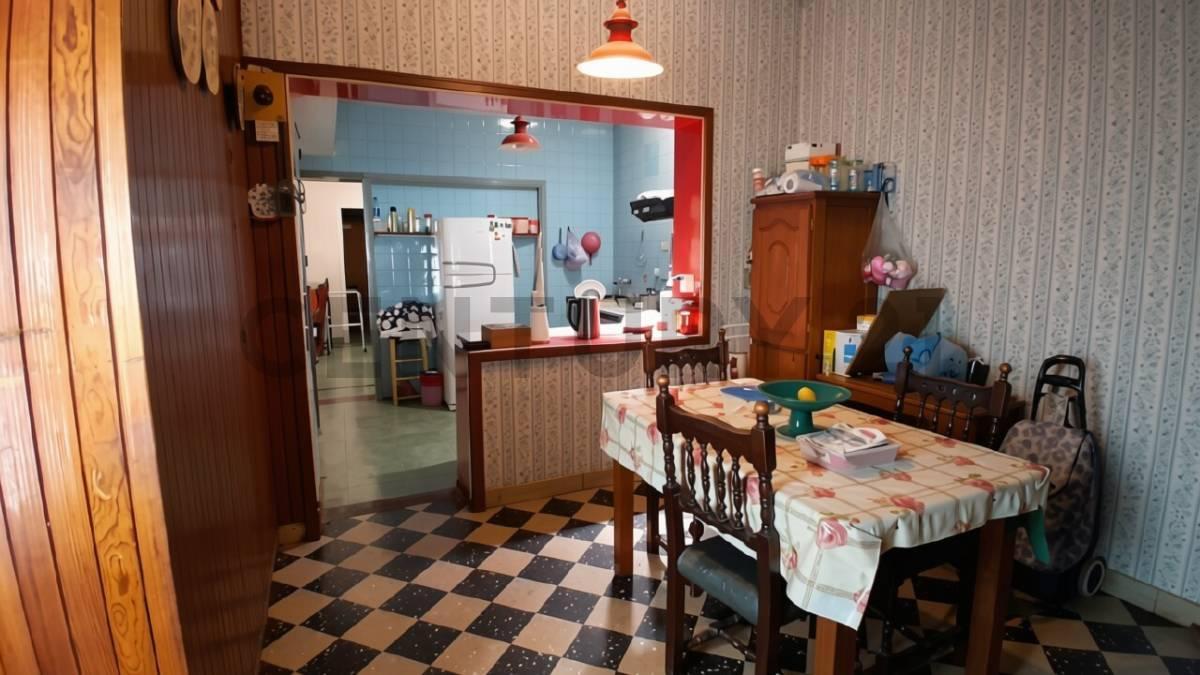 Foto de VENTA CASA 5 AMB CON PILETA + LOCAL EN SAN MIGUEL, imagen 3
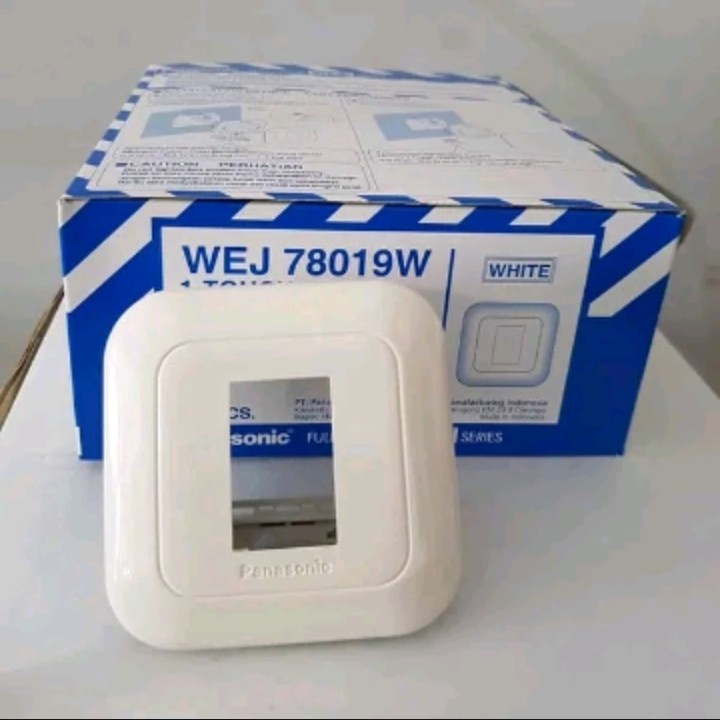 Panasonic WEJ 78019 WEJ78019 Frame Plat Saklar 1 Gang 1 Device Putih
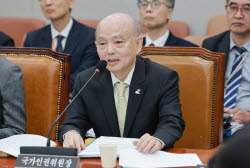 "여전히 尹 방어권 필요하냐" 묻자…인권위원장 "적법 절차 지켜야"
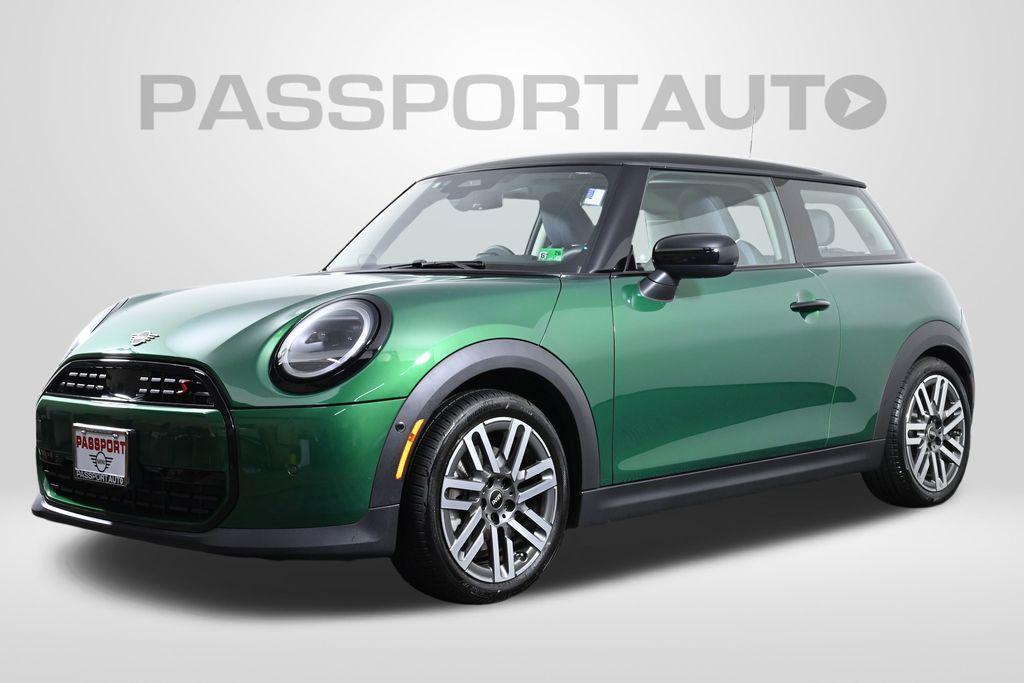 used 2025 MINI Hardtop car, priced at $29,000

...

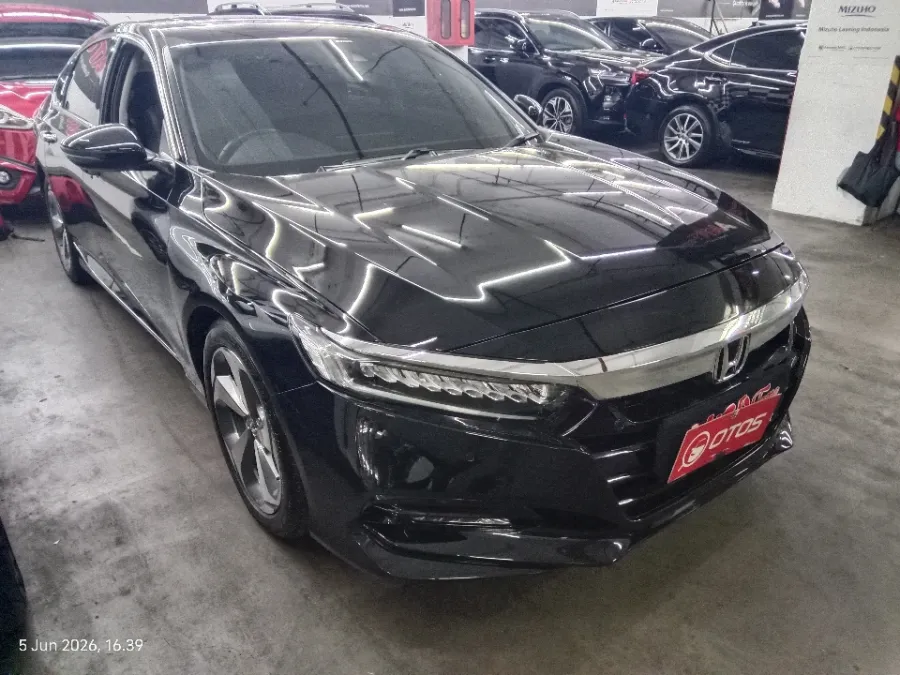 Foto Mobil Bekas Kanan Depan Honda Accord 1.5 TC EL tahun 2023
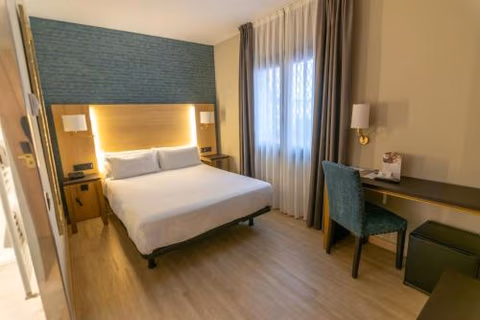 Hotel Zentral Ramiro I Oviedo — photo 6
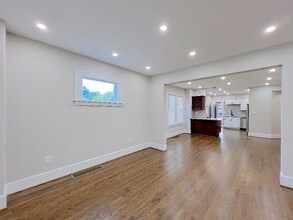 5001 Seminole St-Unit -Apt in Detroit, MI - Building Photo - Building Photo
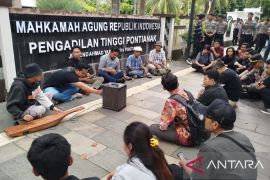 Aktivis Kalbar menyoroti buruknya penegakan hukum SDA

* [WHAT THE TASK ASKS]: Nothing but the lines above from the line with "Panasonic WEJ 78019" up to and including the line with "used 2025 MINI" should be returned, exactly as written and without pictures.

* [FINAL ANSWER]:
 Panasonic WEJ 78019 WEJ78019 Frame Plat Saklar 1 Gang 1 Device Putih
 "여전히 尹 방어권 필요하냐" 묻자…인권위원장 "적법 절차 지켜야"
 used 2025 MINI Hardtop car, priced at $29,000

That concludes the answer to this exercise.